I can’t close my mind to the possibility (or, in my humble opinion, the likelihood) of a creator of this universe. I believe this creator is intangible, either because it is spiritual, or because humans have millions of years of evolution and advancement to achieve before we can discover or comprehend it. (And maybe THEN “God” can be observed and tested!)

And what if “God’s will” is simply that the human race does survive and evolve and advance to the point that we CAN know the creator (God) personally. WHAT IF God either designed us specifically or just took a special interest in our species as we evolved and decided that he really wanted us to achieve that- he really wanted us to know him. What if he saw that we were really fucking up as a species and setting ourselves on the path to destruction and extinction and he decided to connect with us- through Abraham, Moses, and ultimately AS one of us through Jesus in order to “save us” (read: alter our course- change our mindset to achieve SURVIVAL, evolution, progress, and advancement in order to discover and know him one day.)

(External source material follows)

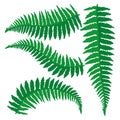 Set of green ferns. Royalty Free Stock Photo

I like opening my mind up to those possibilities and the wonder of it all– Therein lies my spirituality! And it’s simultaneously why I can’t be an atheist and why the church is so spiritually suffocating for me. It’s honestly spiritual stagnation for me to continue trying to connect with the evangelical church where the probability of evolution is still a debate. Where gay marriage is still a debate. Where the nature of God and how/what form he exists is NOT up for question or debate. Where the Bible is taken at face value, and where more liberal or progressive Christians are accused of picking and choosing verses so they can live how they like. I’ve grappled with the evangelical church for a very long time. I don’t know what to do anymore. Over the past year I’ve packed my bags and prepared to leave, but here I am- just outside the doors sittin’ in the front lawn of evangelicalism, waving goodbye to all the other ex-evangelicals that keep leaving. I want to leave, too…

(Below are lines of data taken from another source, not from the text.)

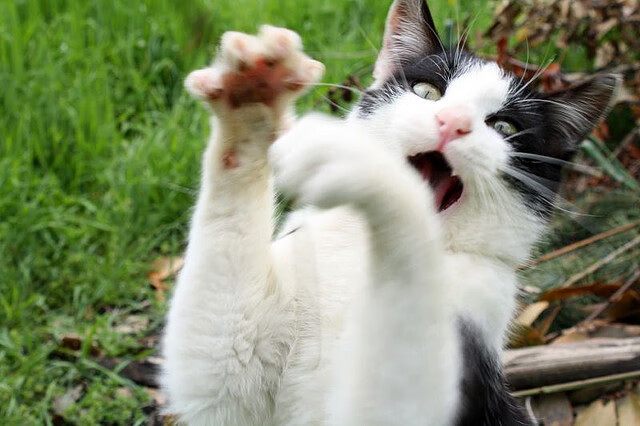 巴西骑手安娜·卡塔琳娜在巴黎奥运会障碍赛中获得铜牌，展现坚韧精神。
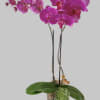 Gorgeous magenta double orchid plant includes succulents in a black 5-inch vase.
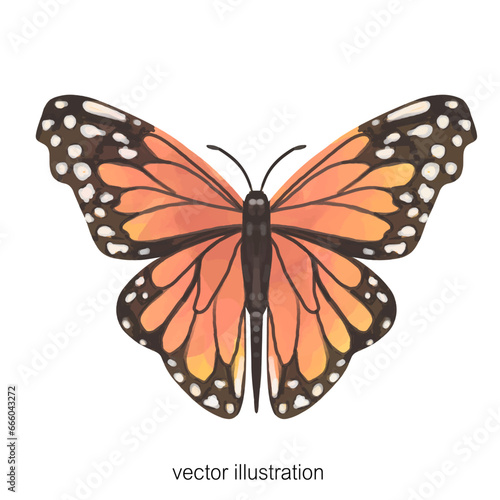 butterfly orange color isolated on white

I spent 10 years- a third of my life- getting frustrated at genexers and millennials for leaving the church. I felt my generation began blaming the church for fallible people- holding the church to a standard of perfection that imperfect humans can’t achieve- throwing the baby out with the bath water- not being the change we wanted to see- etc. etc.- yadda yadda- blah blah. I held onto the church with patience and persistence and resilient determination for 10 years. But I’m at the point in my life where I’m feeling like there’s a pattern and it’s a big problem, and I don’t think I want to be a part of it anymore…

…When I first met my husband he was somewhat apathetic towards church, but mostly very forgiving. (He’d later open up to me over the years about the hurt he’d experienced within the church, and I won’t go into that… suffice to say he was very forgiving.) He never felt good enough and eventually experienced a particularly crushing disappointment that he didn’t handle very well. He’d subsequently lost faith and became self-destructive. When I met him he was on his way to a recovery- he was involved in a band with some church fellas who were a bit older than him, and I think he felt like they’d taken him under their wing and given him an emotional, spiritual, and creative outlet. I think he felt camaraderie and love. I think he trusted them and looked up to them. Then one day, unexpectedly, they kicked him out of his band because he wasn’t Christian enough. They wrote him letters- on Facebook- explaining just how Christian enough he wasn’t. And that was it for Keith. He was done. He checked out of organized religion and never looked back. When I was pregnant with Eleanor he became even more determined to shield her from the hurt he experienced, and I’ve stopped dragging him to church as I can feel the layers of defense he packs on before he even walks through the front doors. I used to think, ‘Keith had a bad experience with one dude in the church, not the church’ but really, the church breeds that kind of thing– Breeds it, justifies it. Keith simply joined the ranks of those before him who’d been marginalized, cast to the side, and in many cases flat out rejected for not fitting in a tiny little box with a tiny little god. (***It must be noted that one of the guys from Keith’s band later came back and apologized for his part in what happened, and I think very highly of that guy for doing so. He’s a genuine, loving person. It meant a whole lot and I will never forget that he did that for Keith.***)

So… I do think I am ready to leave, but I don’t know where to go. I do fully appreciate and am tremendously thankful for my evangelical roots and upbringing. I do not regret it in the slightest. I will always and forever hold out hope of returning and feeling welcome and comfortable in the evangelical church. But for now I just cannot connect with it, and not for lack of trying. I desire to spiritually connect SOMEWHERE, though. I just don’t know where.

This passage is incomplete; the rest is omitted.